Breath Analysis for Cystic Fibrosis

Jane Hill Breathprints
Image courtesy of Jane Hill.

By analyzing a patient’s exhaled breath, Thayer Professor Jane Hill hopes to develop a more efficient diagnostic tool with the potential to both extend and improve the lives of people suffering from cystic fibrosis. The Cystic Fibrosis Foundation has awarded Hill and her colleagues $1.2 million over the next three years to study more than 300 adult and pediatric patients at five clinical sites. According to Hill, each patient in the study will receive both the current gold standard test—culturing a sputum sample—and the breath test, in which a breath sample is analyzed using advanced chromatography and mass spectrometry. The team aims to identify and validate molecular biomarkers for a common respiratory infection, Pseudomonas aeruginosa, that is particularly dangerous for people with cystic fibrosis.

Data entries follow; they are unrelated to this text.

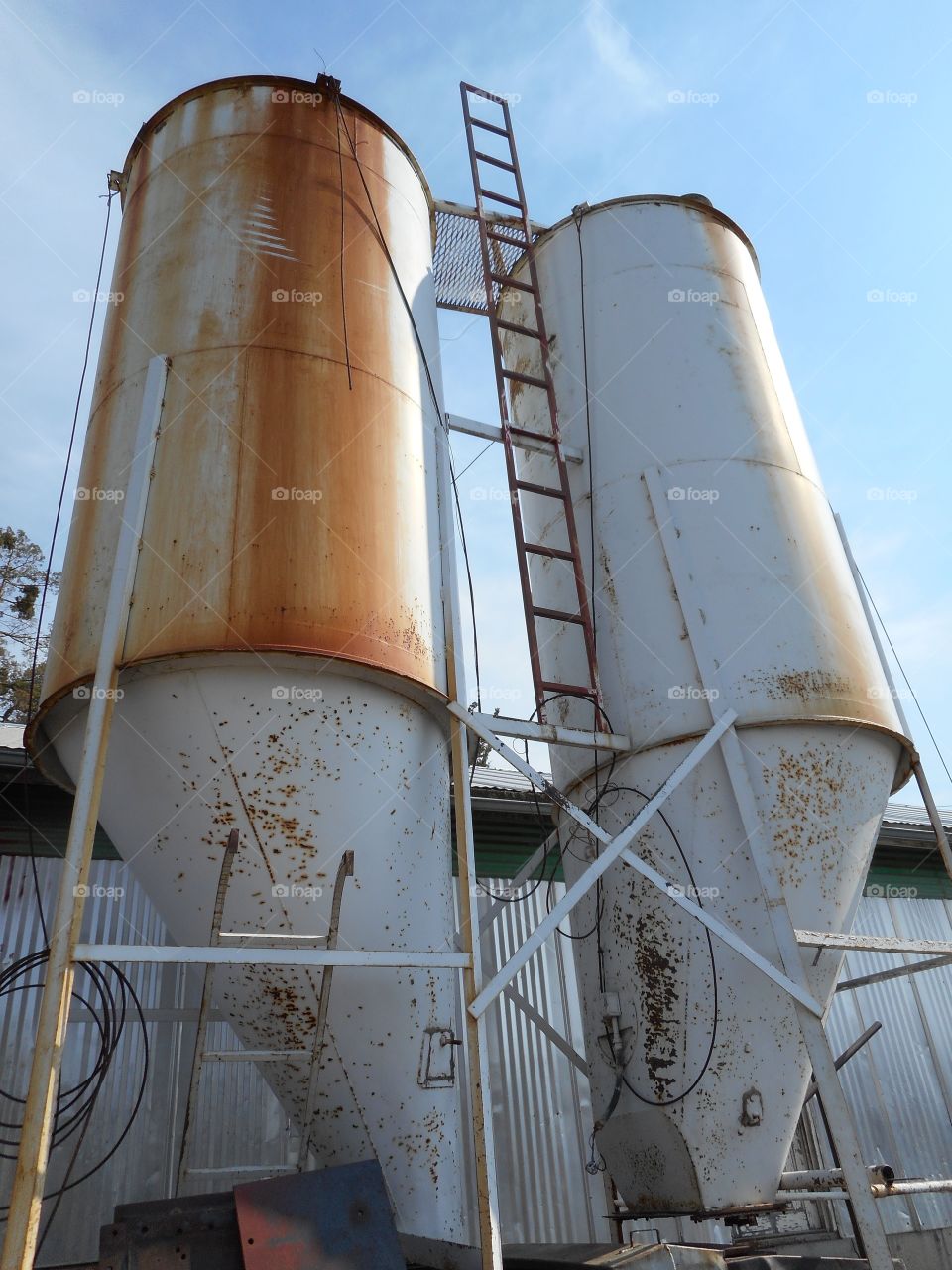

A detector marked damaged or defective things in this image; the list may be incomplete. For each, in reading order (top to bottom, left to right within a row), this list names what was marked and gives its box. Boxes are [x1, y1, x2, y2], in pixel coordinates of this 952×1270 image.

rusty metal silo [26, 76, 464, 1238] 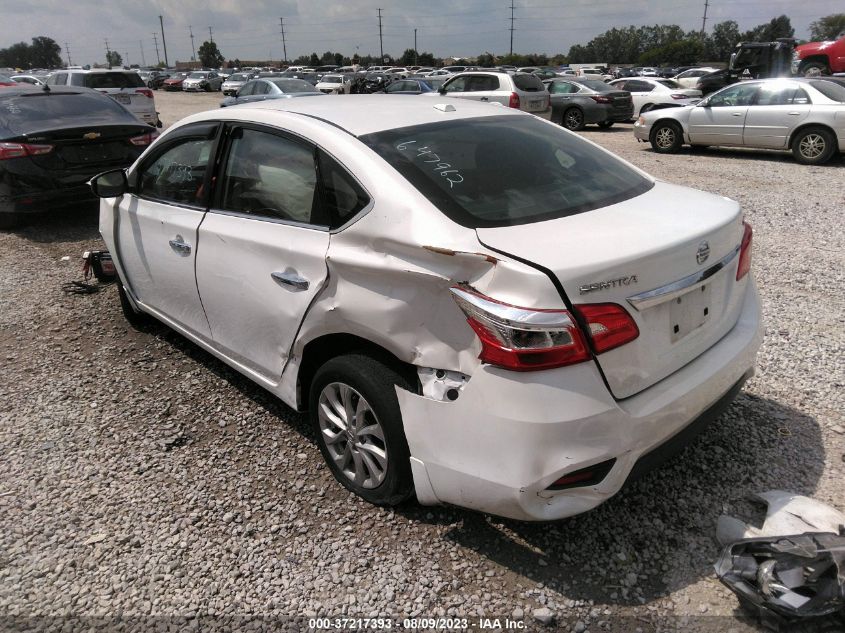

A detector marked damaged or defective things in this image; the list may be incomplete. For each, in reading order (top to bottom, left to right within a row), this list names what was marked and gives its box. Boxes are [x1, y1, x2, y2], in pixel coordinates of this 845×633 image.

damaged white car [89, 94, 760, 520] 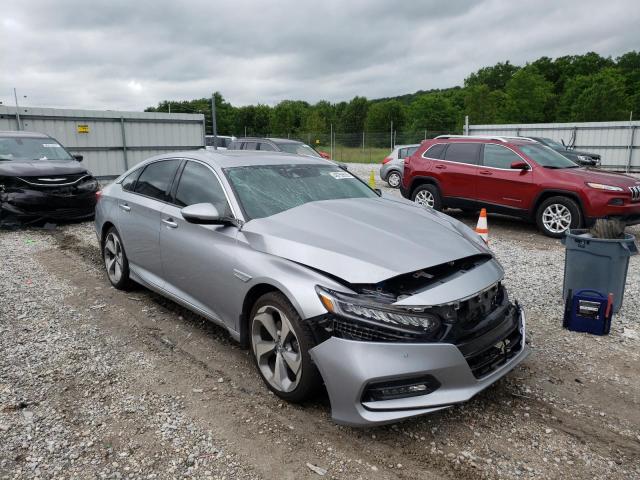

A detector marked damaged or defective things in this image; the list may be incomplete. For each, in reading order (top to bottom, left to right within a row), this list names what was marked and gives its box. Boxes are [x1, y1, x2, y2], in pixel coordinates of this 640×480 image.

black damaged car [0, 130, 99, 226]
damaged silver honda accord [95, 151, 528, 428]
broken headlight lens [314, 284, 440, 334]
crumpled front bumper [312, 310, 528, 426] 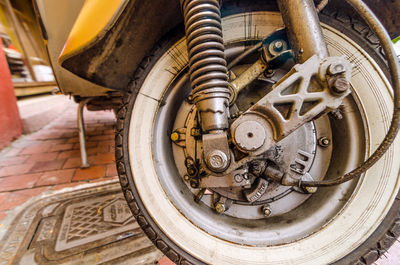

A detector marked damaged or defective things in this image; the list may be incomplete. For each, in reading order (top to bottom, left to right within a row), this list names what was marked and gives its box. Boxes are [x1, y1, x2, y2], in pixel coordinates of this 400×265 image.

rusty metal part [180, 0, 230, 132]
rusty metal part [230, 54, 352, 156]
rusty metal part [276, 0, 330, 62]
rusty metal part [300, 0, 400, 187]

Cystic fibrosis patients often experience multiple simultaneous respiratory infections, but sputum might contain matter from only part of the lung, giving an incomplete diagnostic picture. In contrast, a patient’s breath offers evidence of all the infections at once. Calling breath “a window into the health of the entire lung,” Hill says that molecules in a breath sample act “like a fingerprint,” enabling the identification of specific infections almost immediately, whereas cultures can take days or even weeks.

Pseudomonas aeruginosa mutates really quickly. It figures out how to live in your lung environment and how to hide itself from your immune system and how to become more drug resistant fairly quickly. The sooner you can discover that it’s there and direct treatment toward its eradication, then the better your outcomes are as a patient.”

Hill hopes this research will result in a handheld device, similar to a breathalyzer, that could be used with a smartphone app to quickly diagnose certain respiratory conditions. “People already have handheld devices that probably could be modified, once you know what you’re looking for,” she says.

The three-year study, led by Hill and co-principal investigators from Arizona State University and Colorado Children’s Hospital, will include patients at five sites, including Dartmouth-Hitchcock.

—Kristen Senz

Imaging for Back Surgery

Professor Keith Paulsen, adjunct professors David Roberts, MD, and Songbai Ji, and colleagues have developed an intraoperative stereovision (iSV) system to make back surgery safer and less costly.

While MRIs and CT scans can pinpoint spine problems, such as compressed vertebrae or herniated disks, finding a clear surgical path to those problem areas is not always as straightforward since tissue and bone not only stand in the way, but can also move during spinal surgery. The iSV system, developed with colleagues from Geisel School of Medicine, the University of Vermont, and Worcester Polytechnic University, uses a complex algorithm and two cameras attached to a surgical microscope to produce real-time 3D images on a monitor to guide surgeons during procedures. This type of stereoscopic system has been used in brain surgery—technology pioneered by Roberts and the late Thayer Professor John Strohbehn—but has been unexplored for spinal surgery. Paulsen and a team at Dartmouth’s Center for Surgical Innovation tested the iSV system on porcine spines and is now converting the system into a handheld wand. Although use in humans may be several years away, Paulsen remains optimistic about the system’s potential impact. “By rendering images in real time with a simple handheld tool, we believe we can make surgeries safer and less costly in the future,” he says.

The system is detailed in the article, “Stereovision Co-Registration in Image-Guided Spinal Surgery: Accuracy Assessment Using Explanted Porcine Spines,” published in the journal Operative Neurosurgery.